At the same time, President Bush's plan to send National Guard troops to the southern border has ratcheted tensions up further, with the decision criticized as either a ploy to placate the president's national-security critics or a way to tacitly militarize the nation's borders.
Regardless, the president's announcement underscores the increasing pressure on the U.S. government to fix the nation's broken borders and craft a set of immigration policies that are sensible, realistic and humane.
Paying closest attention to what happens next are the United States' illegal immigrants, estimated to number about 12 million, and the growing number of U.S. citizens and lawmakers demanding dramatic changes to border security and immigration policy.
For the latter group, two questions loom: Why, in a time of heightened concern about national security, have so many illegal immigrants been able to make their way across the border?

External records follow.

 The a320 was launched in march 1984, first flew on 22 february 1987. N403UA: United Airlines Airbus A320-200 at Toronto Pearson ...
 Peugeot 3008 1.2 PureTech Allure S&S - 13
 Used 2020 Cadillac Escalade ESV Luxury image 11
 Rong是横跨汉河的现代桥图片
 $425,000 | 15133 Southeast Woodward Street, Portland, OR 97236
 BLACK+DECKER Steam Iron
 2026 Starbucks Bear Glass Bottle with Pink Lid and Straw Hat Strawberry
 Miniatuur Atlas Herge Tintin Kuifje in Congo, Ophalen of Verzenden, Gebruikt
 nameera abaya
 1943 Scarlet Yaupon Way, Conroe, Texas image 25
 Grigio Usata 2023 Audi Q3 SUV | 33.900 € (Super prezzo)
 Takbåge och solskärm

And why has border security to this point been such a bit player in the government's national-security plans?
The apparent answer: because the government, especially the president himself, wants it that way.
"It seems as though (President Bush) truly rejects the moral legitimacy of immigration enforcement," said Mark Krikorian, executive director of the Center for Immigration Studies, a conservative think tank in Washington, D.C. "He is psychologically committed to open borders, and he can't understand why people don't think the way he does."
"The president has all along had a vision of the U.S. and Mexico that stands in contrast to the way the vast majority of the American people think about the issue," added Glynn Custred, a professor of anthropology at Cal State East Bay who specializes in Latin and South American border studies.
"That vision is that there should be a consistent flow of free labor to the north," Custred continued. "If you look at Bush's speeches (and) his proposed legislation, it seems he wants it that way because he thinks it's best for the world."
A White House spokesman denied the president favors open borders, adding that immigration and immigration enforcement are complex problems that defy easy solutions.
"The president opposes amnesty and believes that illegal immigrants who want to stay need to pay a penalty for breaking the law," said Peter Watkins, White House spokesman. "The president firmly believes that he can achieve comprehensive immigration reform ... because he believes that deporting every illegal immigrant is not wise or possible."
Asked if the Senate's immigration bill - which would give illegal immigrants the opportunity to apply for citizenship - is a road to amnesty, Watkins said the president opposes amnesty but "believes that America can be a lawful society and also a welcoming society."
Perplexing policies
Watkins pointed to the president's plan to send National Guard troops to the southern border as an example of the emphasis Bush is putting on enforcement.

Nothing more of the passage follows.